Which correct file? src is still the wrong one after calling d_real.
We need to clone-open src, just like we do in ovl_read_iter to get the
correct file. But then what's the use of copying it up beforehand?

We could move the whole logic into the vfs, but I don't really see the point.

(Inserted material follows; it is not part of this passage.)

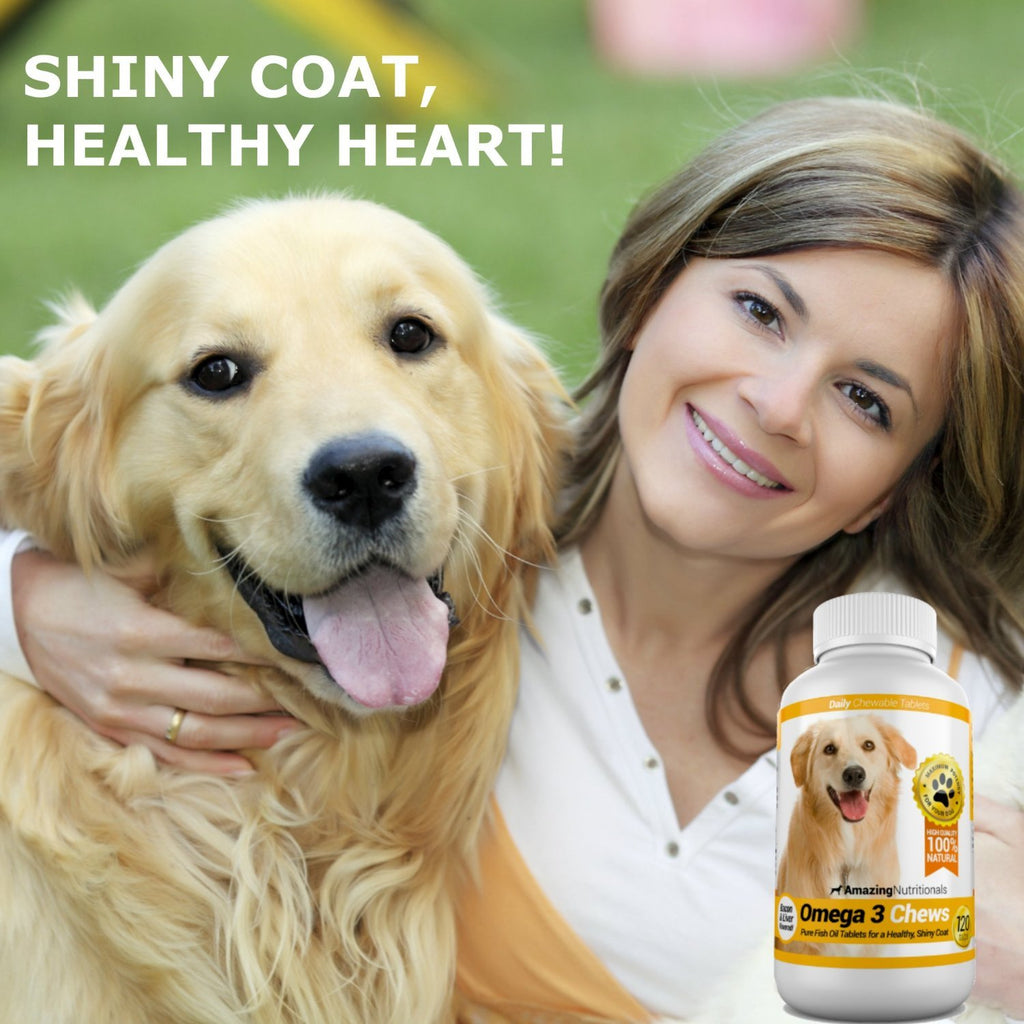 Joint Support Skin and Coat Health Bundle Turmeric Omega 3 N504210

I left these ops alone because there is some confusion in there about
getting the f_op from the source or the destination file. And while
it doesn't matter normally (all regular files have the same f_op,
regardless of open flags) it does matter for overlayfs intercept,
because overriding fops in the the dest file would mean additional
complexity and resources). That could easily be fixed in the vfs:
calling src->f_ops->foo works equally well, but I simply didn't want
to bother with this. We can return to it later.

Thanks,
Miklos

2016-11-24 14:09:24

by Amir Goldstein

[permalink] [raw]
Subject: Re: [PATCH 4/7] ovl: add infrastructure for intercepting file ops

On Thu, Nov 24, 2016 at 3:51 PM, Miklos Szeredi <[email protected]> wrote:
> On Thu, Nov 24, 2016 at 2:12 PM, Amir Goldstein <[email protected]> wrote:
>> On Thu, Nov 24, 2016 at 2:03 PM, Miklos Szeredi <[email protected]> wrote:
>>> On Thu, Nov 24, 2016 at 12:52 PM, Amir Goldstein <[email protected]> wrote:
>>>> On Thu, Nov 24, 2016 at 12:55 PM, Miklos Szeredi <[email protected]> wrote:
>>>
>>>>> + /*
>>>>> + * These should be intercepted, but they are very unlikely to be
>>>>> + * a problem in practice. Leave them alone for now.
>>>>
>>>> It could also be handled in vfs helpers.
>>>> Since these ops all start with establishing that src and dest are on
>>>> the same sb,
>>>> then the cost of copy up of src is the cost of clone_file_range from
>>>> lower to upper,
>>>> so it is probably worth to copy up src and leave those fops alone.
>>>>
>>>>> + */
>>>>> + ofop->fops.copy_file_range = orig->copy_file_range;
>>>>> + ofop->fops.clone_file_range = orig->clone_file_range;
>>>>> + ofop->fops.dedupe_file_range = orig->dedupe_file_range;
>>>
>>> Not sure I understand. Why should we copy up src? Copy up is the
>>> problem not the solution.
>>>
>>
>> Maybe the idea is ill conceived, but the reasoning is:
>> To avoid the corner case of cloning from a stale lower src,
>> call d_real() in vfs helpers to always copy up src before cloning from it
>> and pass the correct file onwards.
>
> Which correct file? src is still the wrong one after calling d_real.
> We need to clone-open src, just like we do in ovl_read_iter to get the
> correct file. But then what's the use of copying it up beforehand?
>
> We could move the whole logic into the vfs, but I don't really see the point.
>
> I left these ops alone because there is some confusion in there about
> getting the f_op from the source or the destination file.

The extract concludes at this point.